Aim of the task
The whole listing below should be printed again exactly, with no images.

Top of Data shown

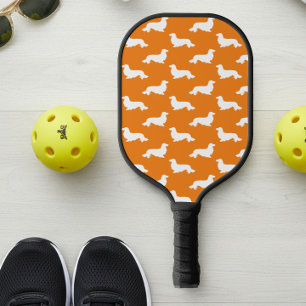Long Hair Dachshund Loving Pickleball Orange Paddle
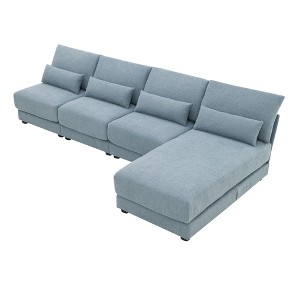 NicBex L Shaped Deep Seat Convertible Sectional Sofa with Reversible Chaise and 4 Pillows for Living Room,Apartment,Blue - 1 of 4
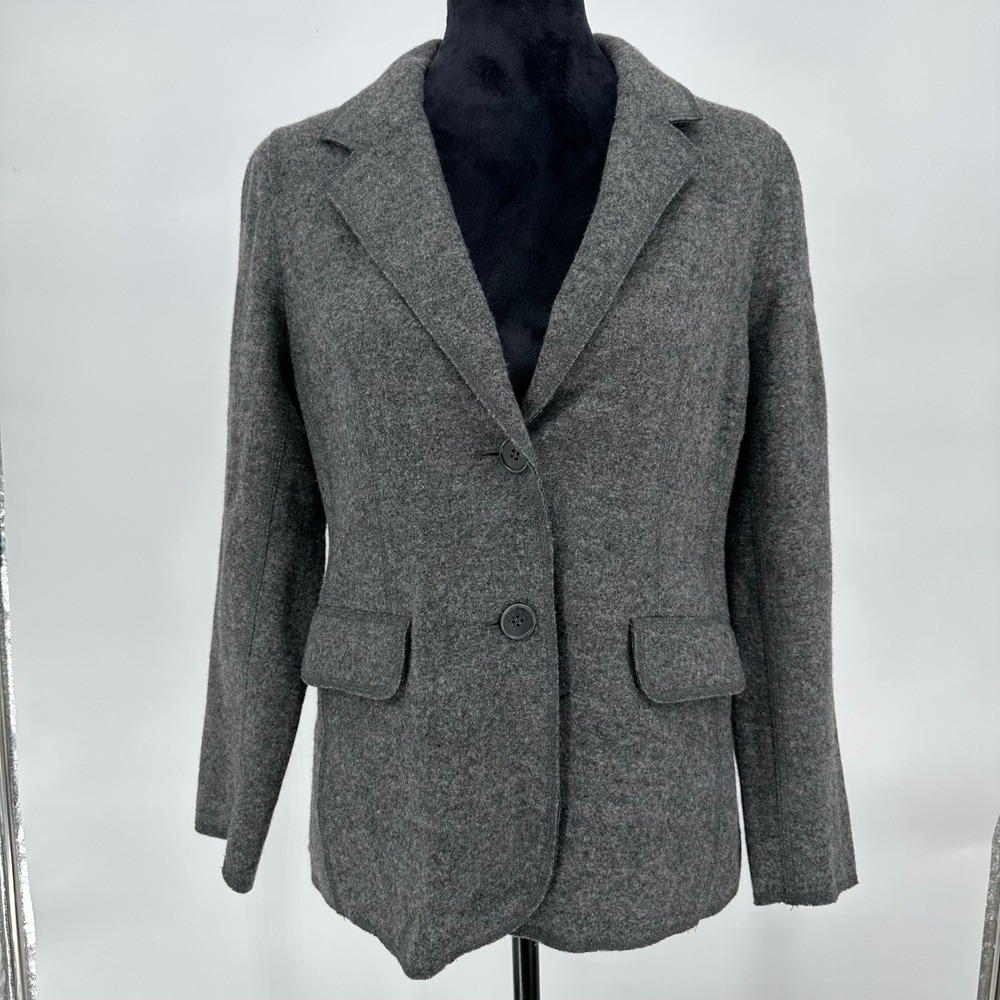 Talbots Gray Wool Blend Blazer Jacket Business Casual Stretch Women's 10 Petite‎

Bottom of Data shown

Output for this task
Long Hair Dachshund Loving Pickleball Orange Paddle
 NicBex L Shaped Deep Seat Convertible Sectional Sofa with Reversible Chaise and 4 Pillows for Living Room,Apartment,Blue - 1 of 4
 Talbots Gray Wool Blend Blazer Jacket Business Casual Stretch Women's 10 Petite‎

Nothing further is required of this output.